A full, exact copy of the listing is needed, with images omitted.

■ **Entries supplied**:
::::::::

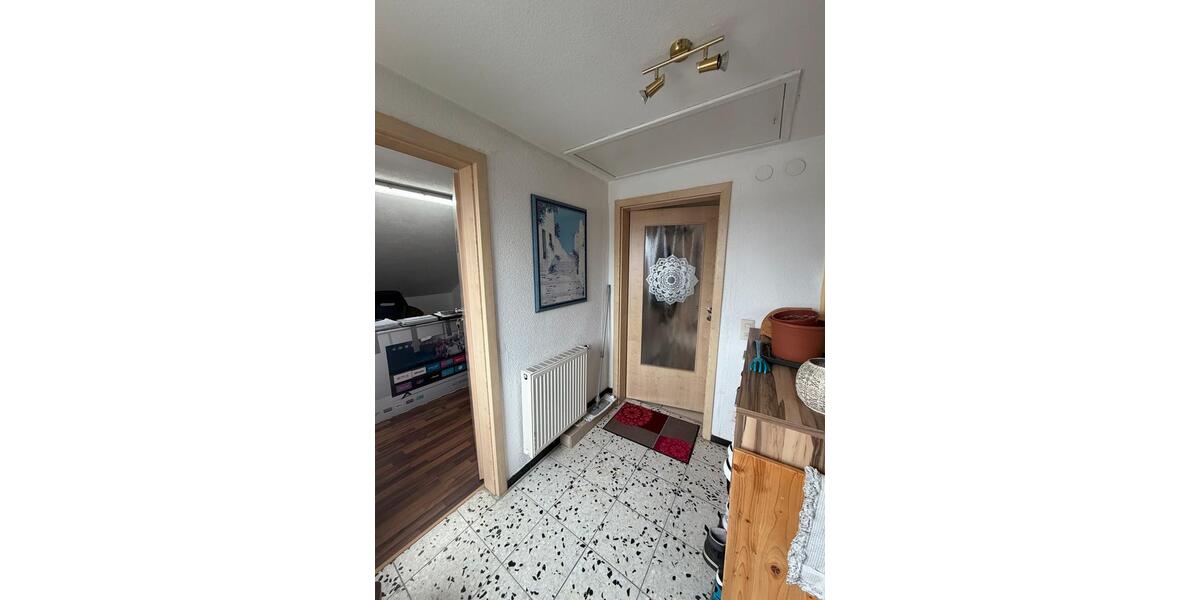 Dachgeschoßwohnung Zimmern ob Rottweil - 4 Zimmer, 80 m&sup2;, 1.050&euro; | Angebot:25259117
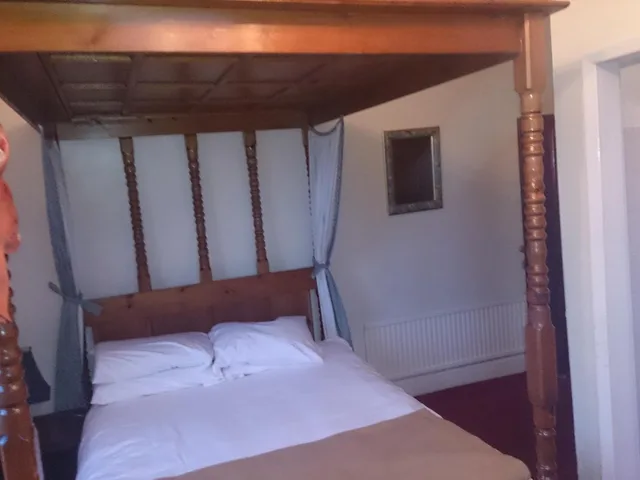 Room, Double Bed, OYO Rose & Crown Hotel 1/2
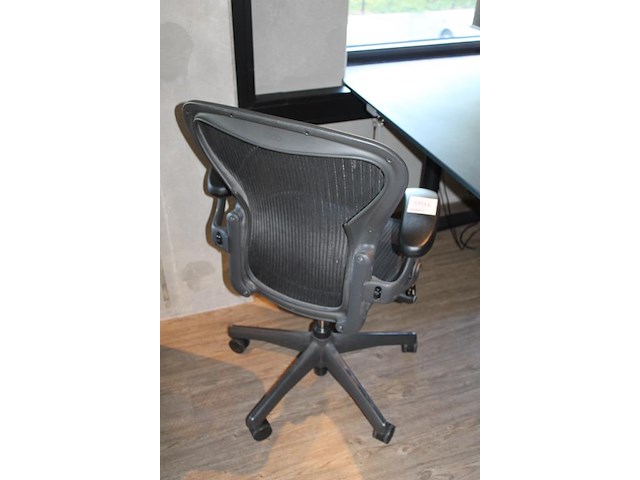 Ergonomische bureaustoel herman miller model aeron medium. let op onderdeel van combinatiekavel c171. onderdeel van combinatiekavel combinatiekavel van 11 ergonomische bureaustoelen herman miller model aeron medium. kavels c005 en c161 t/m c170 - afbeelding 3 van  3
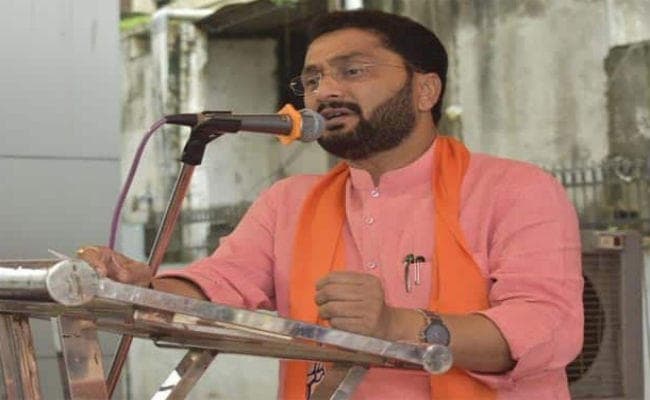 गुजरात में मंत्री को धमकी भरा पत्र भेजने वाली महिला गिरफ्तार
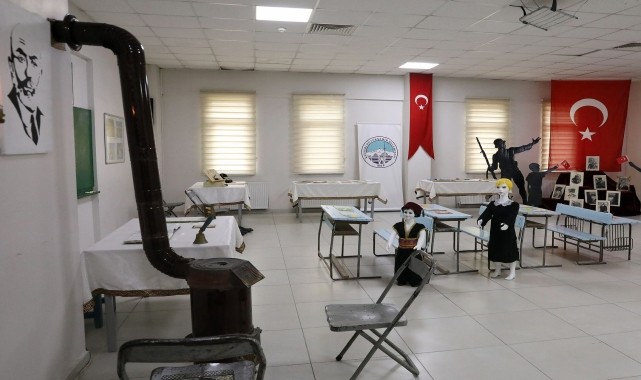 Kayseri&#039;de &quot;Geçmişten günümüze öğretmen ve okul&quot; sergisi açıldı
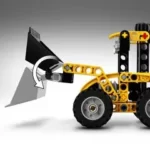 نمای پشت LEGO Technic Backhoe Loader مدل 42197 با جزئیات دقیق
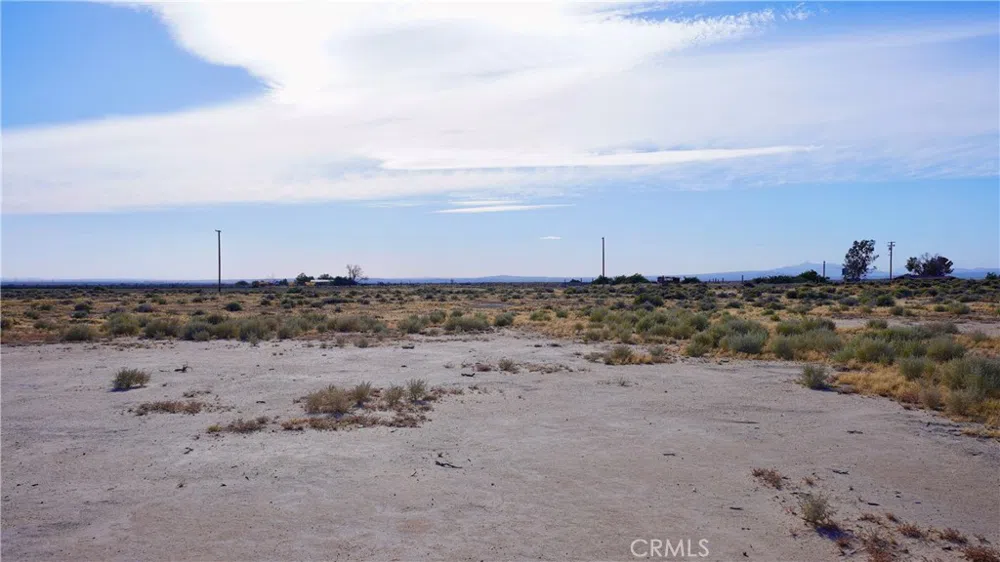 Friends Road Hinkley, CA 92347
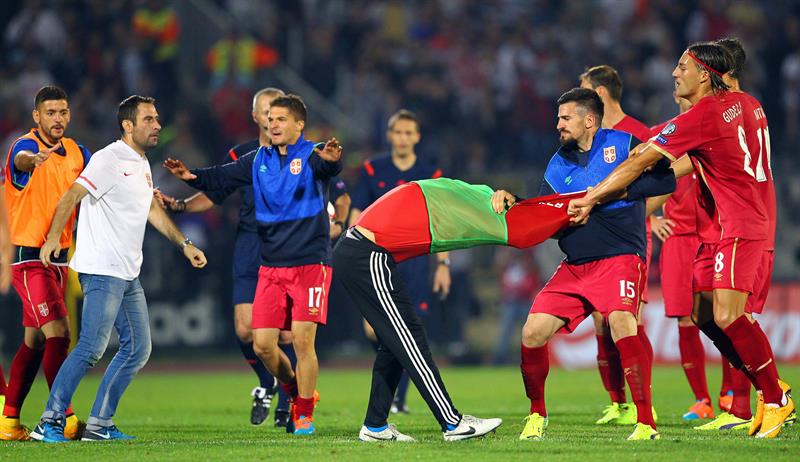 Eurocopa: Suspendido el partido entre Serbia y Albania por incidentes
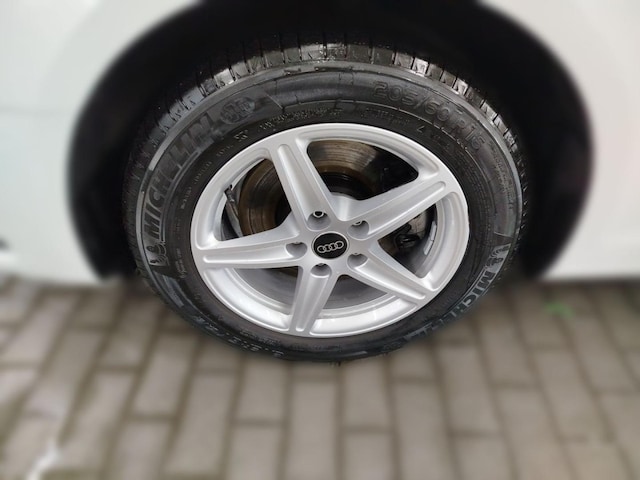 Audi A4 35 TFSI Avant S-Tronic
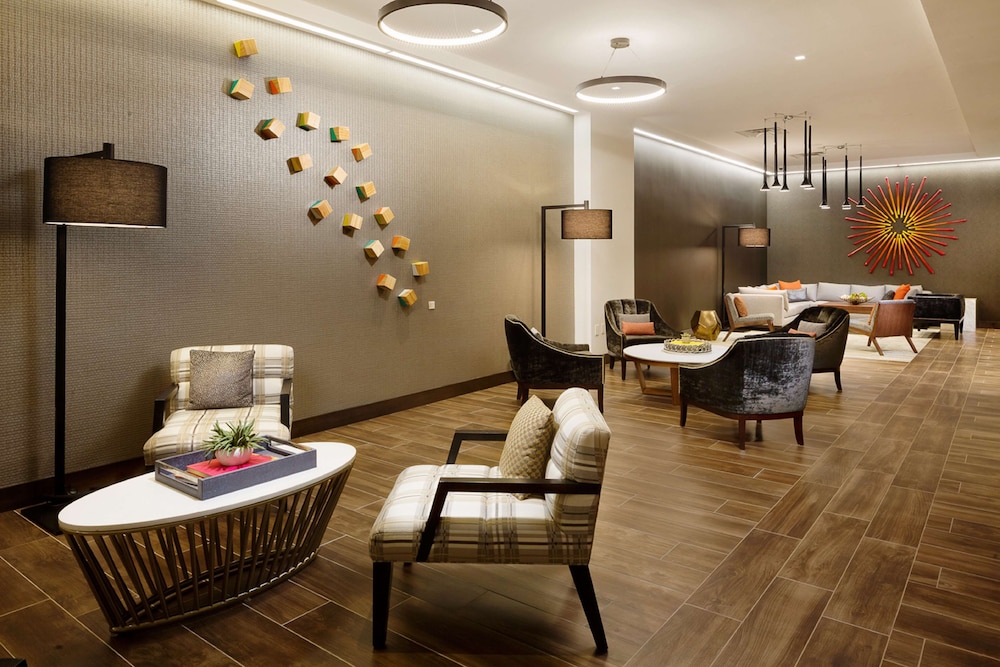 Hampton Inn & Suites Dallas Downtown - photo 13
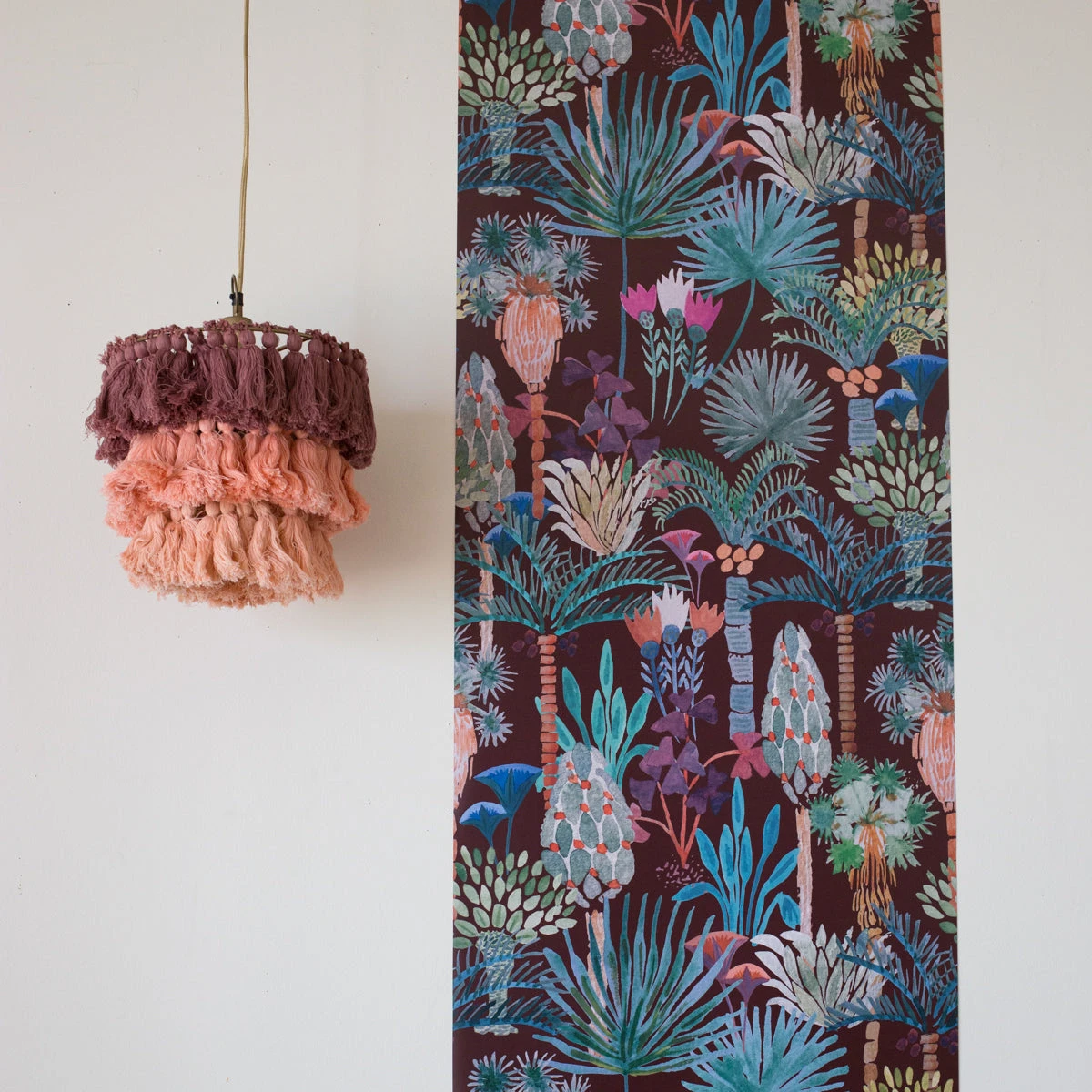 Jungalow® Phoenix Wallpaper In Vino By Justina Blakeney® - Sure Strip 7 Jungalow® Phoenix Wallpaper In Vino By Justina Blakeney® - Sure Strip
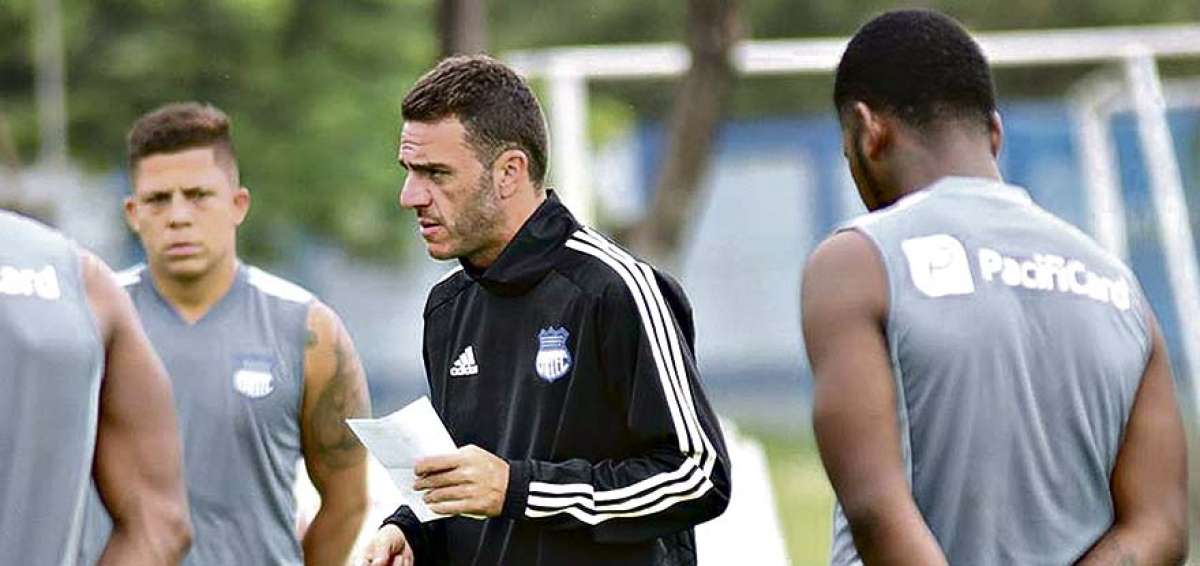 Mariano Soso, director t&eacute;cnico de Emelec, conversa con los jugadores, en un entrenamiento en el Complejo de Samanes, norte de Guayaquil.
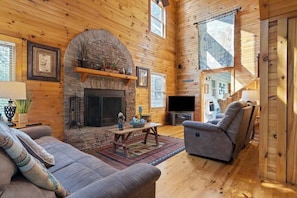 Fernseher, Kamin, Arbeitsbereiche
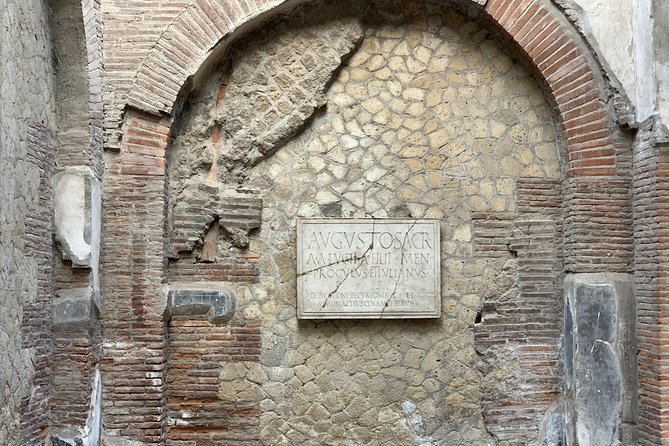 Herculaneum Guided Tour with Your Archaeologist - Religious and Cultural Sites: College of the Augustales and Casa dArgo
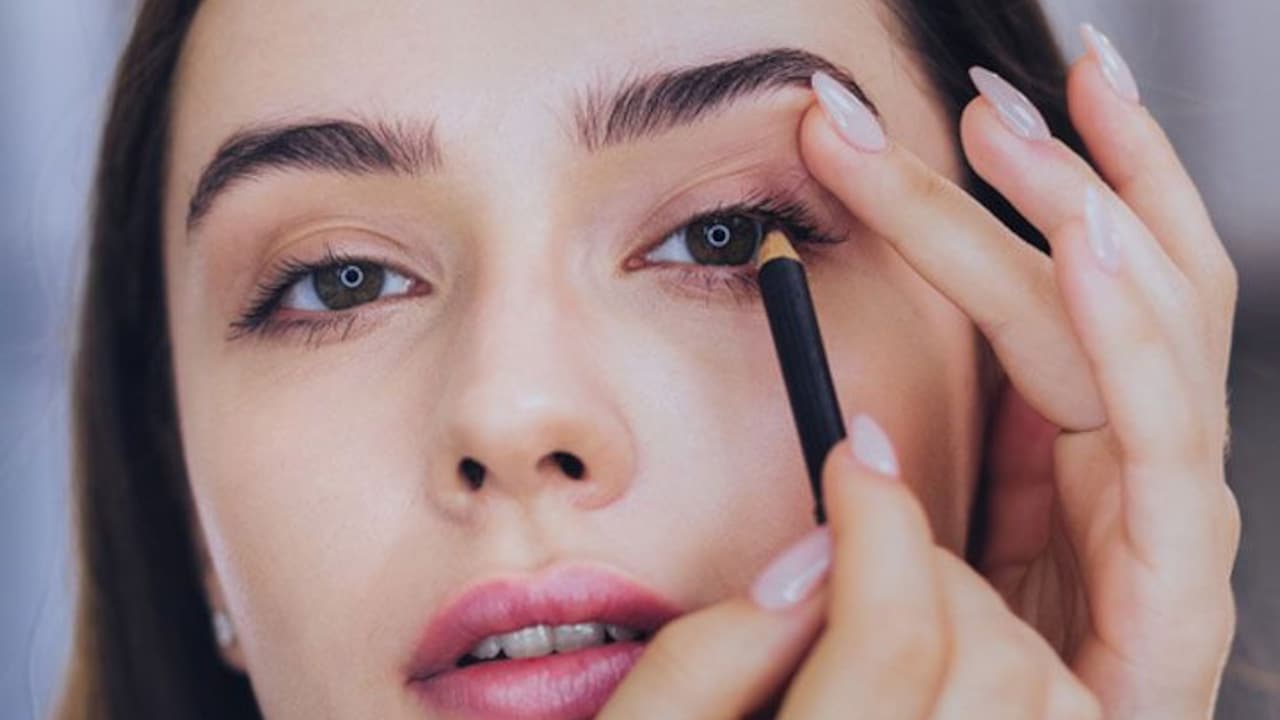 Kajal Not Staying Put? Heres Why It Smudges And What Actually Works Kajal Not Staying Put? Heres Why It Smudges And What Actually Works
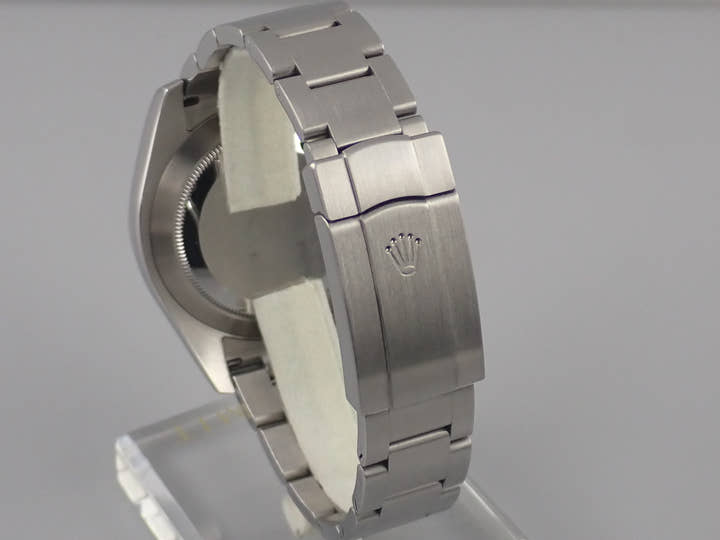 ロレックス エアキング Ref.116900 ブラック文字盤 中古 airking-21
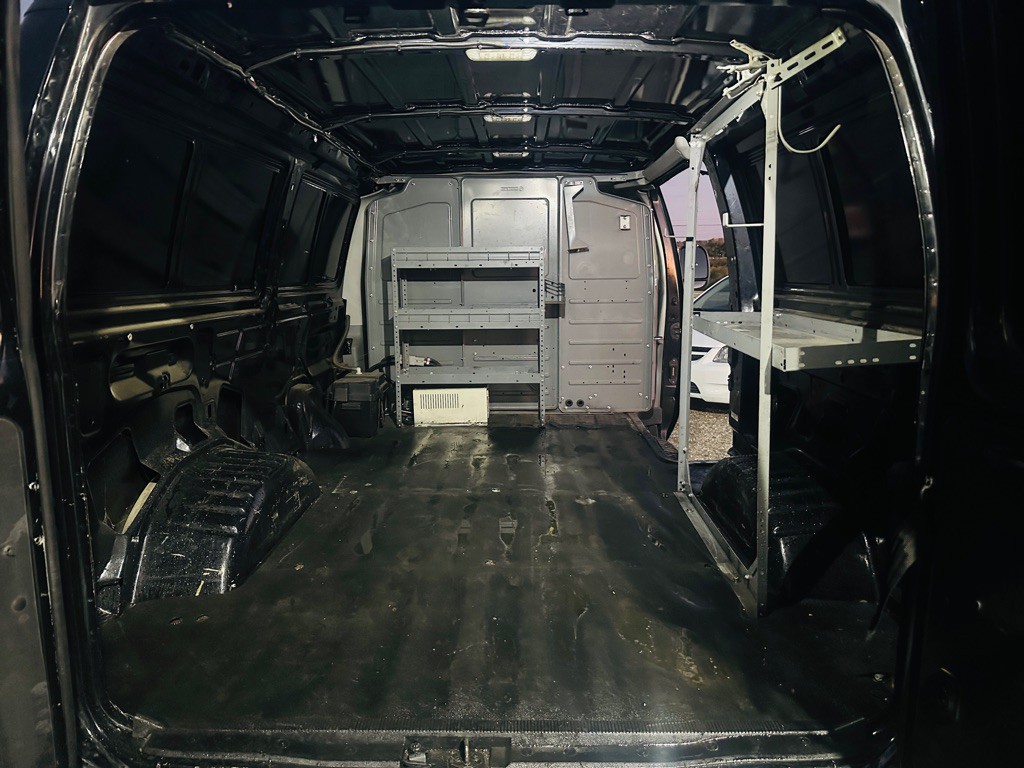 2014 Ford Econoline Image 9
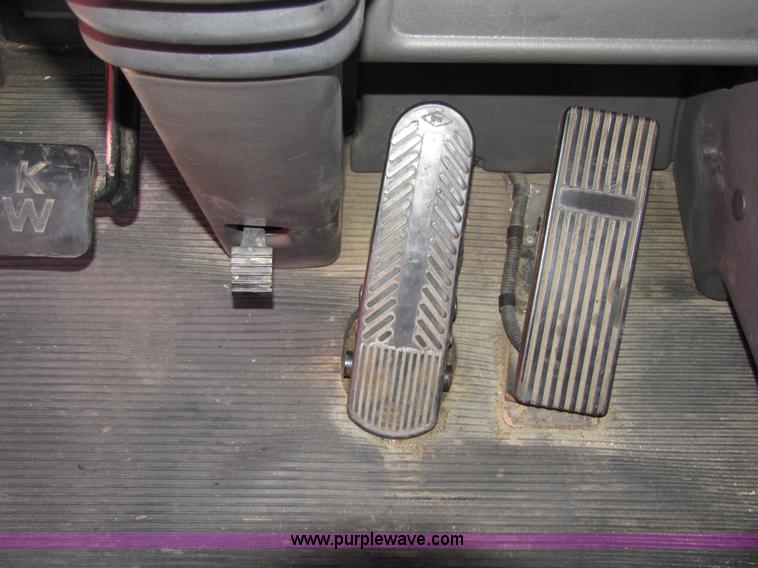 image for item 5040 2003 Kenworth Construct T600 semi truck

::::::::

■ **Answer to the exercise**:
 Dachgeschoßwohnung Zimmern ob Rottweil - 4 Zimmer, 80 m&sup2;, 1.050&euro; | Angebot:25259117
 Room, Double Bed, OYO Rose & Crown Hotel 1/2
 Ergonomische bureaustoel herman miller model aeron medium. let op onderdeel van combinatiekavel c171. onderdeel van combinatiekavel combinatiekavel van 11 ergonomische bureaustoelen herman miller model aeron medium. kavels c005 en c161 t/m c170 - afbeelding 3 van  3
 गुजरात में मंत्री को धमकी भरा पत्र भेजने वाली महिला गिरफ्तार
 Kayseri&#039;de &quot;Geçmişten günümüze öğretmen ve okul&quot; sergisi açıldı
 نمای پشت LEGO Technic Backhoe Loader مدل 42197 با جزئیات دقیق
 Friends Road Hinkley, CA 92347
 Eurocopa: Suspendido el partido entre Serbia y Albania por incidentes
 Audi A4 35 TFSI Avant S-Tronic
 Hampton Inn & Suites Dallas Downtown - photo 13
 Jungalow® Phoenix Wallpaper In Vino By Justina Blakeney® - Sure Strip 7 Jungalow® Phoenix Wallpaper In Vino By Justina Blakeney® - Sure Strip
 Mariano Soso, director t&eacute;cnico de Emelec, conversa con los jugadores, en un entrenamiento en el Complejo de Samanes, norte de Guayaquil.
 Fernseher, Kamin, Arbeitsbereiche
 Herculaneum Guided Tour with Your Archaeologist - Religious and Cultural Sites: College of the Augustales and Casa dArgo
 Kajal Not Staying Put? Heres Why It Smudges And What Actually Works Kajal Not Staying Put? Heres Why It Smudges And What Actually Works
 ロレックス エアキング Ref.116900 ブラック文字盤 中古 airking-21
 2014 Ford Econoline Image 9
 image for item 5040 2003 Kenworth Construct T600 semi truck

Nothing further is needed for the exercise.